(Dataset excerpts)

┏━━

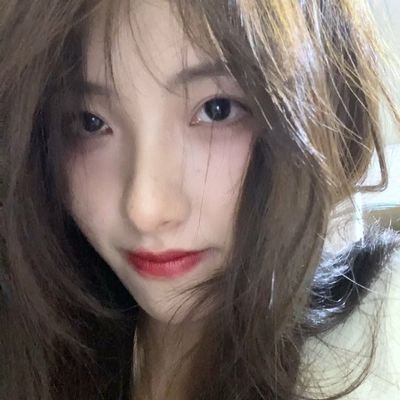 QuirozTasha's profile picture. 长沙商k 酒吧 咨询hecha6848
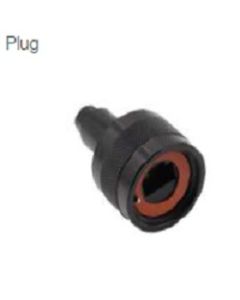 PXM0609NSANBK6883  | PXM0609 |  Ethernet Plug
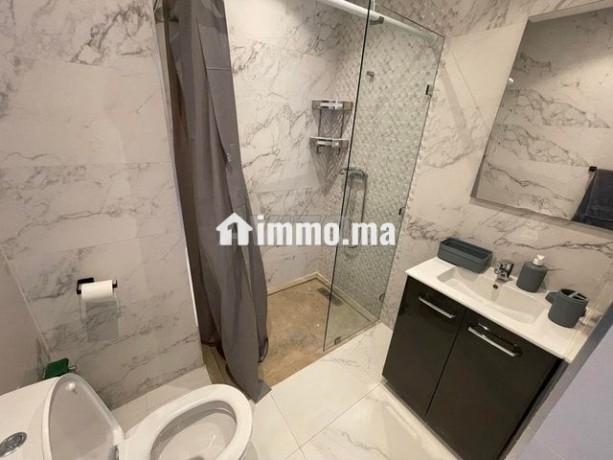 appartement-meuble-a-kenitra-mimosas-big-8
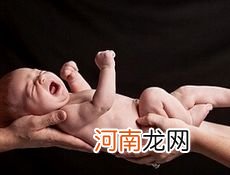 孕妇晨吐不易流产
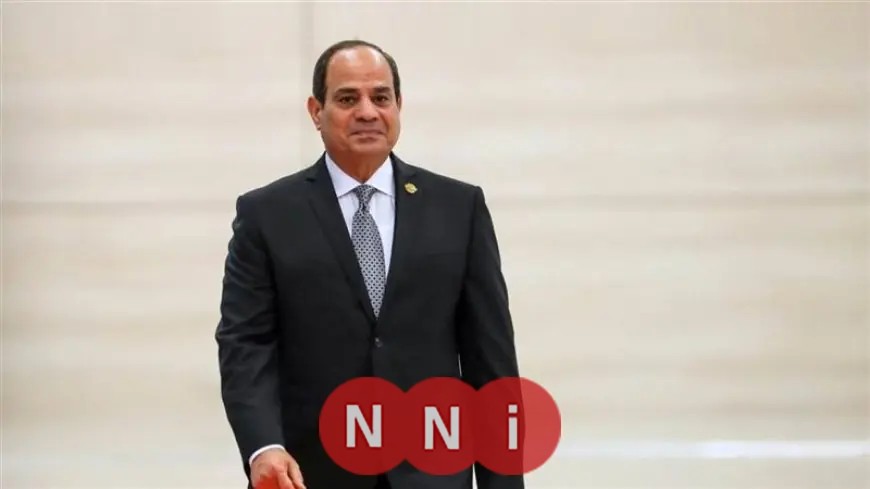 الرئيس السيسي يزور السعودية اليوم للقاء الأمير محمد بن سلمان في زيارة تجمع الأخوة بين البلدين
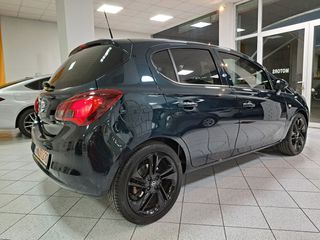 Opel Corsa 2015 1.3 CDTI ECOFLEX START&STOP XENON-thumb-8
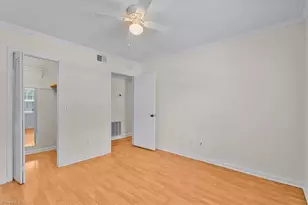5643 Hornaday Rd, Greensboro, NC 27409 - Photo 18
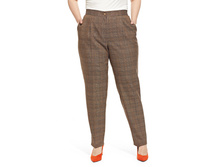 1500� ! ����� 11828 ���������� 2300�.jpg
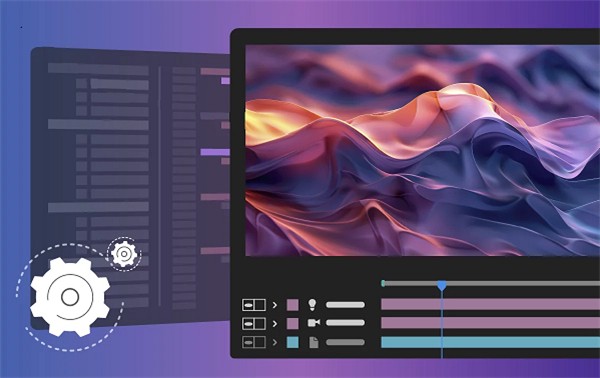Adobe After Effects 2024 mac版 v24.0.1.21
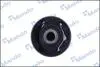 Сайлентблок MANDO DCC010642 (фото 3)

┗━━

▸ **Work request**
Would you output the data exactly, without any of its images?

▸ **Expected output**
 QuirozTasha's profile picture. 长沙商k 酒吧 咨询hecha6848
 PXM0609NSANBK6883  | PXM0609 |  Ethernet Plug
 appartement-meuble-a-kenitra-mimosas-big-8
 孕妇晨吐不易流产
 الرئيس السيسي يزور السعودية اليوم للقاء الأمير محمد بن سلمان في زيارة تجمع الأخوة بين البلدين
 Opel Corsa 2015 1.3 CDTI ECOFLEX START&STOP XENON-thumb-8
5643 Hornaday Rd, Greensboro, NC 27409 - Photo 18
 1500� ! ����� 11828 ���������� 2300�.jpg
Adobe After Effects 2024 mac版 v24.0.1.21
 Сайлентблок MANDO DCC010642 (фото 3)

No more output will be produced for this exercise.